◆ Dataset content
◆ ◆ ◆ ◆ ◆

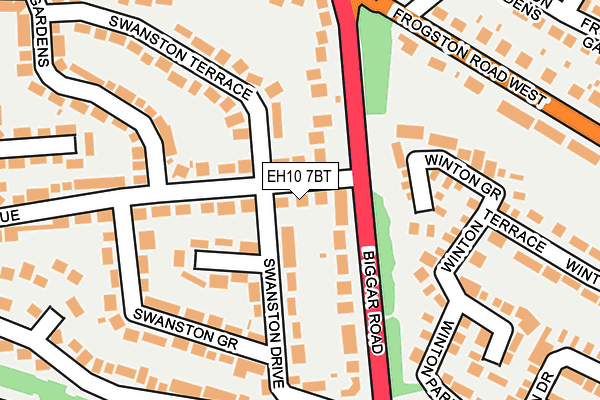 EH10 7BT map - OS OpenMap – Local (Ordnance Survey) EH10 7BT map - OS OpenMap – Local (Ordnance Survey)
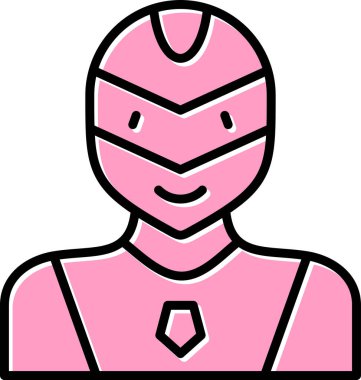 Süper kahraman ağ simgesi, vektör illüstrasyonu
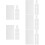 Double-Sided Adhesive Foam Squares White for Craft Use 11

◆ ◆ ◆ ◆ ◆

All that's required is the material above repeated exactly, minus any picture.

 EH10 7BT map - OS OpenMap – Local (Ordnance Survey) EH10 7BT map - OS OpenMap – Local (Ordnance Survey)
 Süper kahraman ağ simgesi, vektör illüstrasyonu
 Double-Sided Adhesive Foam Squares White for Craft Use 11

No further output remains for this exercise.